_TASK_
A line containing "Cecilie Bahnsen - Veronica" appears in the material below. Return exactly every line from the first through that one, and only those.

_RECORD SET_
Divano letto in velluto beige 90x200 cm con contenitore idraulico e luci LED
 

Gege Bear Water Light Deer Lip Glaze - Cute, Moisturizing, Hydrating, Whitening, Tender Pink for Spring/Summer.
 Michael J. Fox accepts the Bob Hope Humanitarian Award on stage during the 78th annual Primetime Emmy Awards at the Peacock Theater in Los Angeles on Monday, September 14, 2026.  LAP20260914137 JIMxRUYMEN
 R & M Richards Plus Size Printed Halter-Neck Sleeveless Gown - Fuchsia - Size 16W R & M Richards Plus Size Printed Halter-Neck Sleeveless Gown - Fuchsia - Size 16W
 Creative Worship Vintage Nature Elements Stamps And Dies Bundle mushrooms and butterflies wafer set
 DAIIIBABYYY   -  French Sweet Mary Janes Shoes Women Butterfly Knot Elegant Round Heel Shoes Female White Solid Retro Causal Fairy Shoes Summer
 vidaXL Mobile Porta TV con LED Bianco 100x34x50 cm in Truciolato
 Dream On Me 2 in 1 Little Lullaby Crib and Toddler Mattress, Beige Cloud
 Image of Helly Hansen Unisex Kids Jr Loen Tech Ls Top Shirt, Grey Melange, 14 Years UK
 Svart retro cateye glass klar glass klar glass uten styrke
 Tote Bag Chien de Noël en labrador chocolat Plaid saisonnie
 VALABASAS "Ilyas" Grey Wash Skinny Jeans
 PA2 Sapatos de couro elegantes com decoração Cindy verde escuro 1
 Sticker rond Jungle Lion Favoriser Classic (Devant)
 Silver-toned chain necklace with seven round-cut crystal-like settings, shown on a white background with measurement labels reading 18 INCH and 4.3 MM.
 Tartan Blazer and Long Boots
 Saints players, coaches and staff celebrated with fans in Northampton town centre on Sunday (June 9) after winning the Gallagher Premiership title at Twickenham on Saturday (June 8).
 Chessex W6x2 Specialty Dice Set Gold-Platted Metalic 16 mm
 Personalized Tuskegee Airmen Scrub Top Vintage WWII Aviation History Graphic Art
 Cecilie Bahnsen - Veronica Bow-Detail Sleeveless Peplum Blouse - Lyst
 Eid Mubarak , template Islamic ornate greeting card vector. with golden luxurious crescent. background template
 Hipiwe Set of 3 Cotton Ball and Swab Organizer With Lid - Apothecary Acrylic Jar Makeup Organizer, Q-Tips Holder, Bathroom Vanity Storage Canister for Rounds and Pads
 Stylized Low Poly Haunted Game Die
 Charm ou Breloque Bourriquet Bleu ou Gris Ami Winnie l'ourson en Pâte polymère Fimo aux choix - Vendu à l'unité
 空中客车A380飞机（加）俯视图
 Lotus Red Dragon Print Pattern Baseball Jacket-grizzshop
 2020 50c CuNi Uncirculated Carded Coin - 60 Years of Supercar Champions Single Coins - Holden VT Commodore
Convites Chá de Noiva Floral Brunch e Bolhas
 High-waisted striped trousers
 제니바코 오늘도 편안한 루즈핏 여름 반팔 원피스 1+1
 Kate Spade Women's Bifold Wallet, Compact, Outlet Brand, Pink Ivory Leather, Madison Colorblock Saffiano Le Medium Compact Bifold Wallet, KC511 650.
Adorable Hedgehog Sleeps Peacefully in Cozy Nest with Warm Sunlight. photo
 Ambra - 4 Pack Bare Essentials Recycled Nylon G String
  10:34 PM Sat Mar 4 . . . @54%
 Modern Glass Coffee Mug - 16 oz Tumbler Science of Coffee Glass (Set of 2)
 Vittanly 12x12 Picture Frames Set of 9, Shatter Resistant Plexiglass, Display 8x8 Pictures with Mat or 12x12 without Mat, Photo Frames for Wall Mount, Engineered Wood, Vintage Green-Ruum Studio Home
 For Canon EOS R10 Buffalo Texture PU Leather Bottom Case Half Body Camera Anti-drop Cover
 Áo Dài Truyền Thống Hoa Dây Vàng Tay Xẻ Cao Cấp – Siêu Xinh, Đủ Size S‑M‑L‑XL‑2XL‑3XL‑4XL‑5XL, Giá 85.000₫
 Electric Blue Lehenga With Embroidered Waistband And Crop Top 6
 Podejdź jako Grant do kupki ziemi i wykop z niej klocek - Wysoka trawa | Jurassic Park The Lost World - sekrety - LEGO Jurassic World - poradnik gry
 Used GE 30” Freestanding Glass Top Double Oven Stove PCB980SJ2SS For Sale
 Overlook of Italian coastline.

_TASK RESULT_
Divano letto in velluto beige 90x200 cm con contenitore idraulico e luci LED
 

Gege Bear Water Light Deer Lip Glaze - Cute, Moisturizing, Hydrating, Whitening, Tender Pink for Spring/Summer.
 Michael J. Fox accepts the Bob Hope Humanitarian Award on stage during the 78th annual Primetime Emmy Awards at the Peacock Theater in Los Angeles on Monday, September 14, 2026.  LAP20260914137 JIMxRUYMEN
 R & M Richards Plus Size Printed Halter-Neck Sleeveless Gown - Fuchsia - Size 16W R & M Richards Plus Size Printed Halter-Neck Sleeveless Gown - Fuchsia - Size 16W
 Creative Worship Vintage Nature Elements Stamps And Dies Bundle mushrooms and butterflies wafer set
 DAIIIBABYYY   -  French Sweet Mary Janes Shoes Women Butterfly Knot Elegant Round Heel Shoes Female White Solid Retro Causal Fairy Shoes Summer
 vidaXL Mobile Porta TV con LED Bianco 100x34x50 cm in Truciolato
 Dream On Me 2 in 1 Little Lullaby Crib and Toddler Mattress, Beige Cloud
 Image of Helly Hansen Unisex Kids Jr Loen Tech Ls Top Shirt, Grey Melange, 14 Years UK
 Svart retro cateye glass klar glass klar glass uten styrke
 Tote Bag Chien de Noël en labrador chocolat Plaid saisonnie
 VALABASAS "Ilyas" Grey Wash Skinny Jeans
 PA2 Sapatos de couro elegantes com decoração Cindy verde escuro 1
 Sticker rond Jungle Lion Favoriser Classic (Devant)
 Silver-toned chain necklace with seven round-cut crystal-like settings, shown on a white background with measurement labels reading 18 INCH and 4.3 MM.
 Tartan Blazer and Long Boots
 Saints players, coaches and staff celebrated with fans in Northampton town centre on Sunday (June 9) after winning the Gallagher Premiership title at Twickenham on Saturday (June 8).
 Chessex W6x2 Specialty Dice Set Gold-Platted Metalic 16 mm
 Personalized Tuskegee Airmen Scrub Top Vintage WWII Aviation History Graphic Art
 Cecilie Bahnsen - Veronica Bow-Detail Sleeveless Peplum Blouse - Lyst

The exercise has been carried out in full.